You can still have the sort of confidence you need to make the wagers you want to take and run risk the way you want to run risk without letting ego get in the way.

There is always luck - even in as simple a form as path dependency and the size of your stake.
posted by JPD at 6:58 AM on August 3, 2014


"Yes."
posted by michaelh at 7:14 AM on August 3, 2014 [1 favorite]


When people say "isn't that risky" and "you can pay rent that way," they're expressing a form of jealousy, not a lack of respect.

If it's anyone that doesn't regularly play poker, it isn't jealousy. They're hearing, "I make money playing slots."
posted by Nonsteroidal Anti-Inflammatory Drug at 7:17 AM on August 3, 2014 [7 favorites]


Caring about how people judge you, especially on your income, is pretty much guaranteed to make you miserable. Many people disapprove of gambling. You have a job that a lot of people may dismiss. Instead of trying to prove something to them, show, don't tell. Wear really nice shoes that are in good shape, don't wear tshirts with slogans, be well-groomed. Use good grammar and speak like an educated, well-read person. If you want to display wealth, it will come out when you mention the trip to Tahiti or Switzerland. I once had a job that people found intriguing and impressive. I usually downplayed it, just saying I worked at X. When people learned that I was the owner, not an employee, it had an impact. I'd rather be around people who get to know me and befriend me because I'm a great person, not because of my income or bank account. People who dismiss your work are more likely to be less interesting people than someone who says Poker? What's that like?
posted by theora55 at 8:06 AM on August 3, 2014 [2 favorites]

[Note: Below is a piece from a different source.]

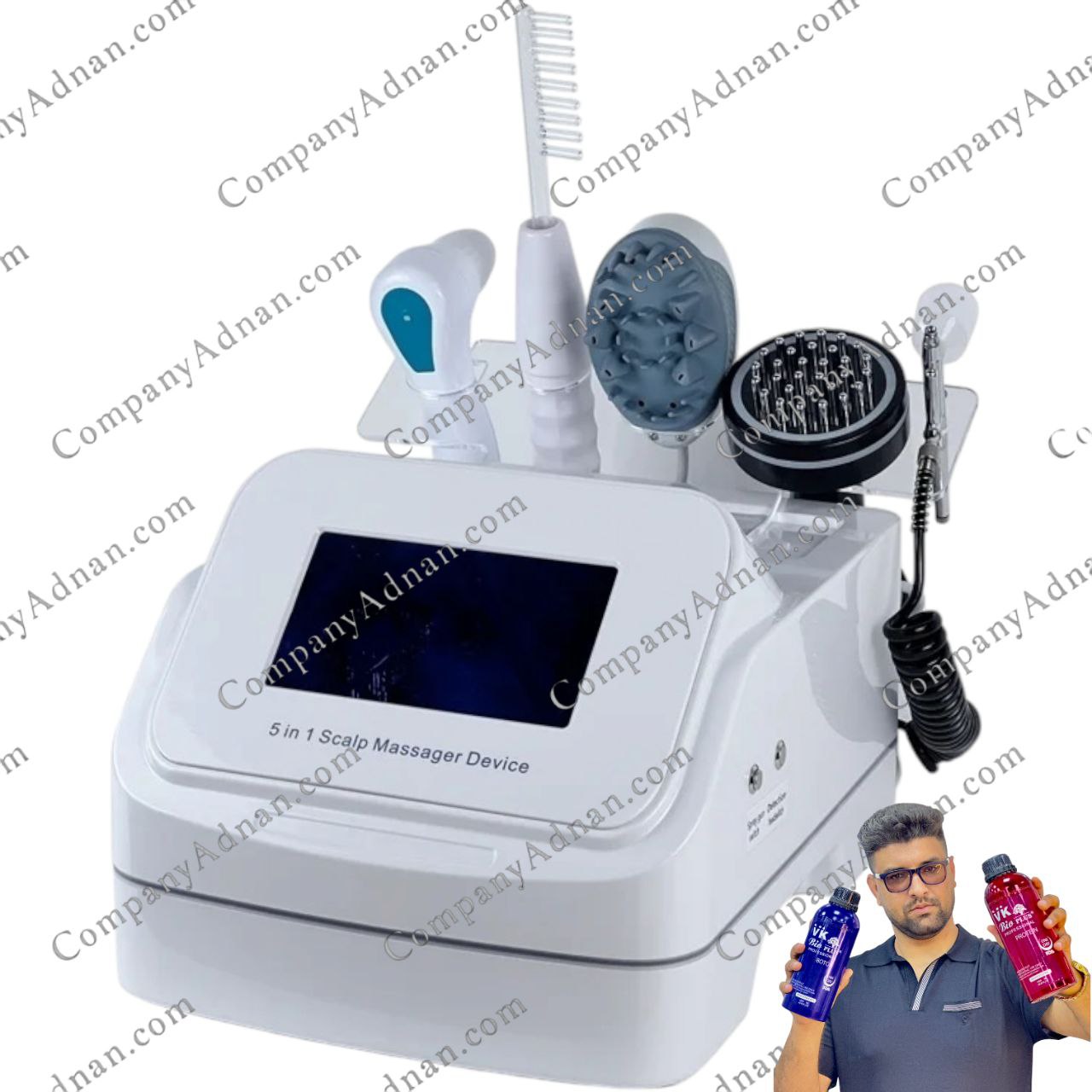 دستگاه اسکالپ 5 کاره مو لیز بدون کنترل Lizze ا Lizze 5 in 1 scalp Analyzer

The problem isn't that they need to know you make a great living. It's that they're rude and nosy, and also they're insulting you by implying you waste time and money on gambling. Unfortunately, there's no polite way to tell someone their manners are terrible.

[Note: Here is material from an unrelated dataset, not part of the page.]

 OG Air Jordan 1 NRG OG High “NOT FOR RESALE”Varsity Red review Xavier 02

I suggest you go to the other extreme. I know a guy who was able to retire young; he owned a company that sold customized promotional items like note pads, mugs, key chains, and especially pens. When someone asked him what he did for a living, he said, "I sell pens." He enjoyed seeing their confusion, and didn't elaborate.

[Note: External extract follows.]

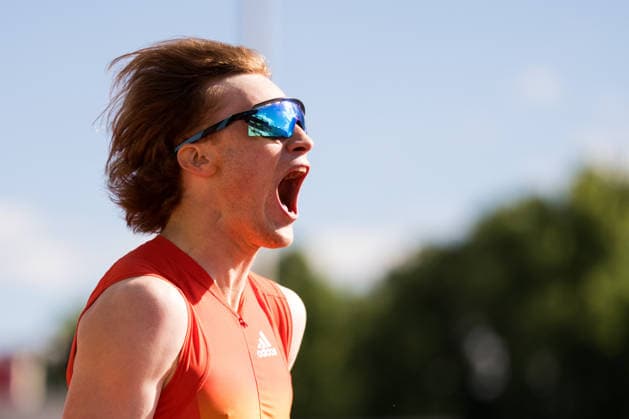 260624 Simeon Vorsleman of Finland celebrate after men™s 400 meter during the athletics competition Boysen Memorial on June 24, 2026 in Oslo. Photo: Marius Nordnes BILDBYRAN COP 185 MX0001 friidrott athletics friidrett boysen memorial norge bbeng jubel *** June 24, 2026: Simeon Vorsleman of Finland celebrates after the men’s 400-meter race during the Boysen Memorial track and field competition on June 24, 2026 in Oslo. Photo by Marius Nordnes, BILDBYRAN COP 185 MX0001. track and field, athletics, friidrett, Boysen Memorial, Norway, BBENG, celebration  Copyright: MARIUSxNORDNES BB260624BB819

Just say, "I play cards." If you like, you can add, "And I win."
posted by wryly at 8:10 AM on August 3, 2014 [1 favorite]


"Oh, I know, it sounds crazy, right? But poker players are numbers people by nature, so I'd notice if I was going broke. I'm doing alright."
posted by jacquilynne at 8:17 AM on August 3, 2014


I'm with COD. Don't let people know you're a millionaire. I have a friend who makes a fair chunk of change, which she is deliberately vague about (she lies about where she lives and things like that), but she still seems to know enough people who try to mooch off of her for money. You don't want to let people know this stuff. Just say you do okay. Like others have said, this sounds like more of a "I want respect for what I do" issue to me, and while saying you make millions would get you some, it would also come with problems you don't want if you go there.
posted by jenfullmoon at 8:21 AM on August 3, 2014 [3 favorites]


If somebody asks you what you do for a living, don't just provide what you do, also provide a suggested alternative topic. e.g. I play poker and I invest, but I love to spend my free time ____. What do you love to do?
posted by grudgebgon at 8:49 AM on August 3, 2014 [1 favorite]


You: I'm retired
Them: Really? How did you manage to do that at your age?
You: Hard work and my gamble paid off.
posted by parakeetdog at 9:05 AM on August 3, 2014


"Sure, the top tournaments have top prizes of $X these days."
posted by dvrmmr at 9:13 AM on August 3, 2014 [1 favorite]


I might also add that it what you want is prestige/respect, you can approach the issue the same way you approached the problem of making money-- find out what you can do that confers those things, and figure out how to get good at it.

The people I know who have a certain amount of social respect or are able to be socially desireable don't have some magical aura or list of phrases that makes them so-- rather, they developed instincts to figure out what decisions conferred social rewards, and they pursued those paths.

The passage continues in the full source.